Specific examples of known antibodies that can be produced using the methods of the present invention include, but are not limited to, adalimumab, bevacizumab, infliximab, abciximab, alemtuzumab, bapinezumab, basiliximab, belimumab, brianuzumab, brodalumab, canakinumab, becerolizumab, cetuximab, conatumumab, denosumab, eculizumab, etrolizumab, evolocumab, gemtuzumab ozogamicin, golimumab, and nab. olimumab), ibritumomab tiuxetan, labetuzumab, mapatumumab, matuzumab, mepolizumab, motuzumab, muromonab-CD3, natalizumab, palivizumab, ofatumumab, omalizumab, oregovomab, palivizumab, panitumumab, pemtumomab, pertuzumab, ranibizumab, rituximab, rovizumab, tocitumomab, tositumomab, trastuzumab, ustekinumab, vedolizomab, zalumab, and zalumab.

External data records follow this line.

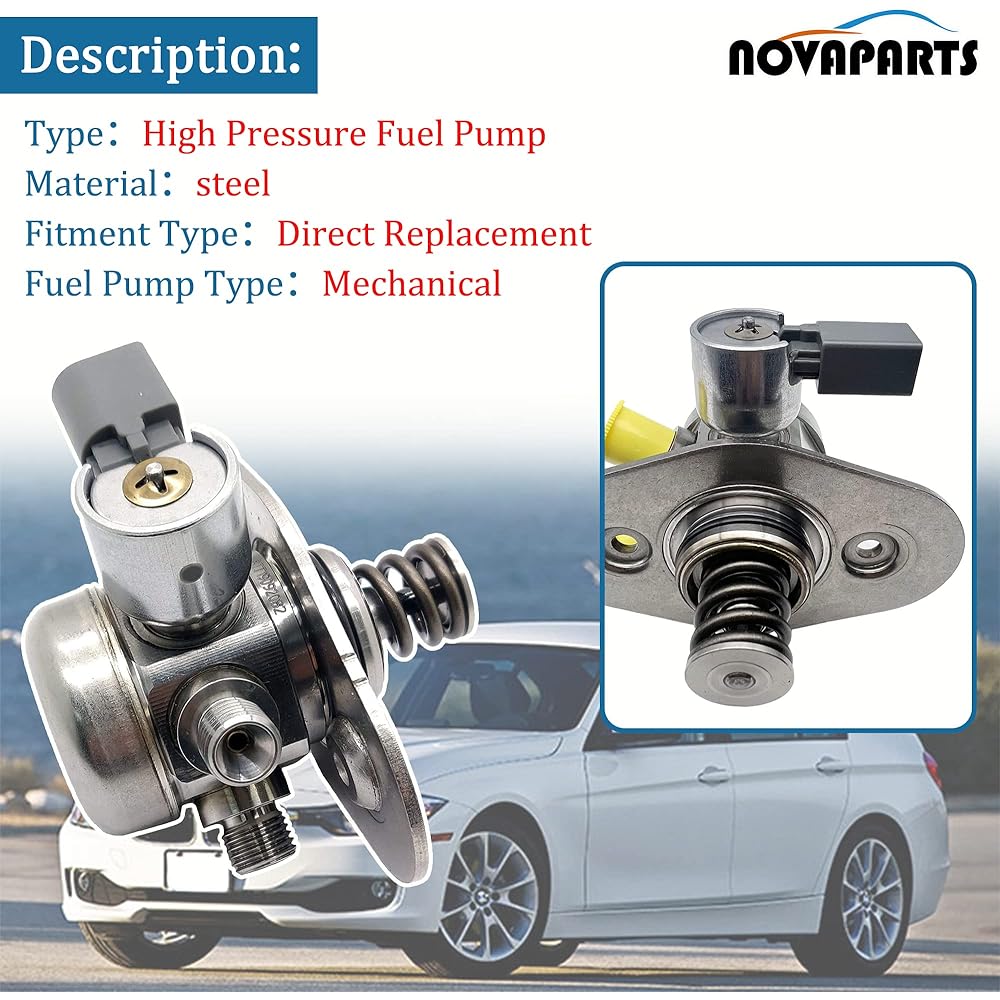 High Pressure Fuel Pump 13517584461 for BMW 228i 320i 328i 428i 528i X1 X3 X5 Z4 2.0L L4 0261520147 323-59462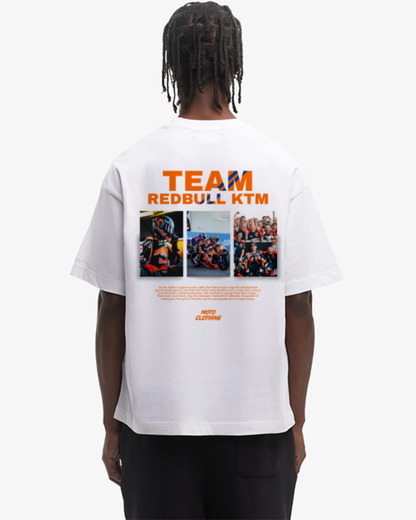 Team Redbull KTM Oversized Shirt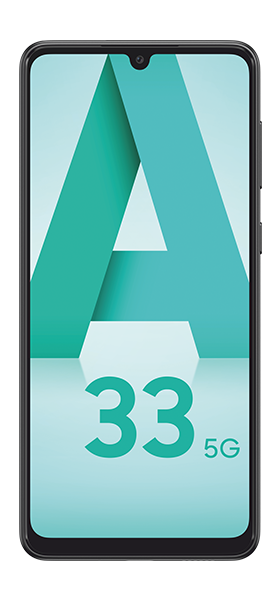 Téléphone Samsung Samsung Galaxy A33 5G Noir 9.99EUR + SIM 10EUR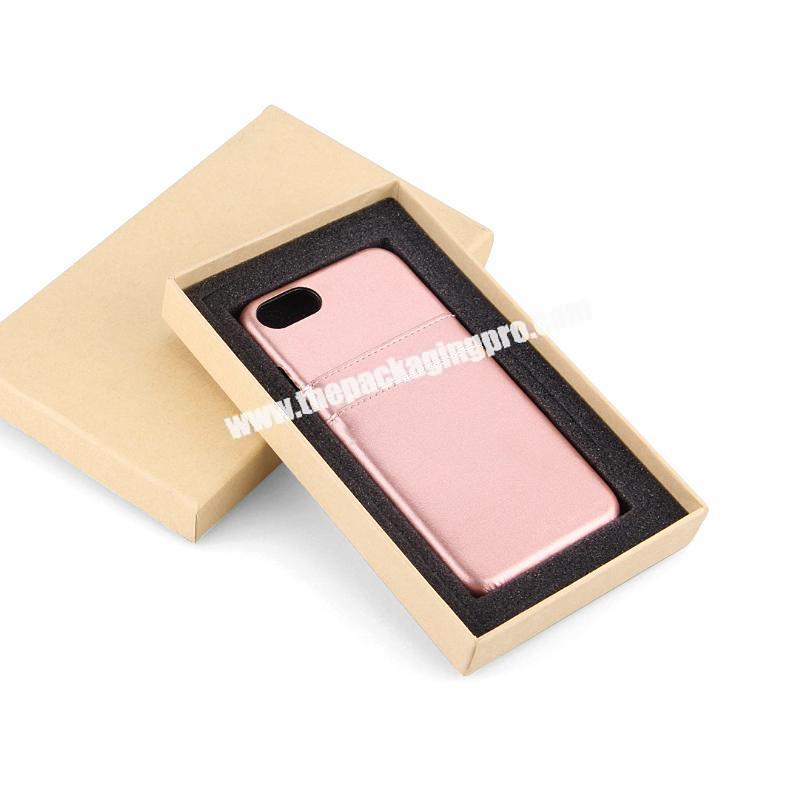 Retailing Phone Case Package Box for Size Under 6 Inch Phone Case Packaging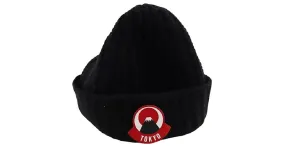 Moncler gorro de lana Negro 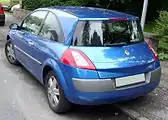 Renault Mégane Dreitürer (2002–2006)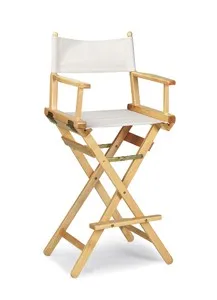 HIGH DIRECTOR P FOLDING CHAIR PROFESSIONAL USE CUSTOMIZABLE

The present invention can also be used to produce recombinant fusion proteins comprising, for example, any of the above-mentioned proteins. For example, the methods of the present invention can be used to produce recombinant fusion proteins comprising one of the above-mentioned proteins plus a multimerization domain such as a leucine zipper, coiled-coil, Fc portion of an immunoglobulin, or a substantially similar protein. See, for example, WO94/10308; Lovejoy et al. (1993), Science 259:1288-1293; Harbury et al. (1993), Science 262:1401-05; Harbury et al. (1994), Nature 371:80-83; Harbury et al. (1999), Structure 7:255-64. Specifically included in such recombinant fusion proteins are proteins in which a portion of a receptor is fused to the Fc portion of an antibody such as etanercept (p75 TNFR:Fc), abatacept, and belatacept (CTLA4:Fc).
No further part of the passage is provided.